The AI project TCO comparison: in-house team vs AI agency vs hybrid (with worked numbers)

Most TCO comparisons between in-house AI teams and AI agencies stop at salary versus invoice and call it a day. That comparison is wrong by roughly 40 percent because it omits the load-bearing 2026 line items: eval engineering, model-upgrade re-evaluation, observability, and the recruiting cost of building an AI bench from scratch. This piece walks the full 24-month TCO for the same project under three delivery models; in-house, AI agency, and hybrid; with the numbers behind most line. The model is not academic. It is the spreadsheet we put in front of CFOs before they sign.

The comparison sits inside the AI project economics manifesto: if evaluation is the unit of account, then a TCO comparison without eval cost is a TCO comparison of imaginary projects.

Decision Scope

This article is an editorial decision framework, not legal, financial, security, or accounting advice. Treat numeric examples as illustrative planning heuristics unless a source is cited, then validate the assumptions against your own contracts, data, controls, and budget model before acting.

The reference project
The full line-item TCO model
Scenario A; in-house team
Scenario B; AI agency
Scenario C; hybrid
Side-by-side 24-month totals
What moves the answer
Frequently asked questions
Key takeaways

The reference project

To compare delivery models honestly we need a single project specification that many three execute against. The reference project below is a composite of typical mid-market enterprise AI engagements we have priced in 2025–2026.

Workload.
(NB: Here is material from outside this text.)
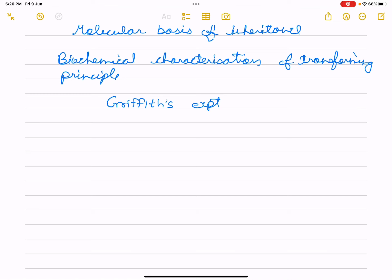Hello dear students, welcome to Nihi Science Academy. We were studying molecular basis of inheritance. In that chapter we were studying about the transforming principle — the topic was the search for genetic material, in which we were studying the transforming principle.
A B2B SaaS company is building an AI agent that drafts customer support replies, escalates per-policy, and writes structured follow-up tasks into the CRM. Volume scales to 80,000 actions per month by month 12.

Eval bar. 87 percent weighted score on a 350-prompt eval set, with cost-per-action at or below $0.04, latency P95 under 4 seconds.

Timeline. 24 months total: 6 months build to first deployable threshold; 18 months operating, including three model-upgrade cycles and quarterly eval-set expansions.

Scope. Full ownership of orchestration, evals, observability, prompt registry, and tool integrations. Inference is rented from frontier vendors. Observability platform is rented (Langfuse, Arize, or equivalent).

This is the project. Now we walk the three delivery models against it.

The full line-item TCO model

Most honest AI TCO model carries seven cost categories. A model with fewer than seven is mispriced. We borrow this decomposition from the 7 cost lines most CFOs miss piece, with one addition for the make-or-buy decision (recruiting cost on the in-house line).

Engineering build cost; the load-bearing direct cost of getting to first deployable threshold.
Eval engineering cost; test set construction, harness build, regression triage, threshold-locking. Typically 30 to 40 percent of build cost.
Model-upgrade re-evaluation cost; two to four engineering weeks per upgrade, three to five upgrades per year.
Observability cost; platform license, retention, dashboard build. Sized at 15 to 25 percent of inference spend plus a one-time build line.
Inference cost; pass-through. The same number across delivery models if the workload is the same.
Maintenance retainer / steady-state engineering; ongoing capacity for regression triage, prompt iteration, eval expansion.
Recruiting and onboarding cost (in-house only); the load-bearing hidden line for the in-house path.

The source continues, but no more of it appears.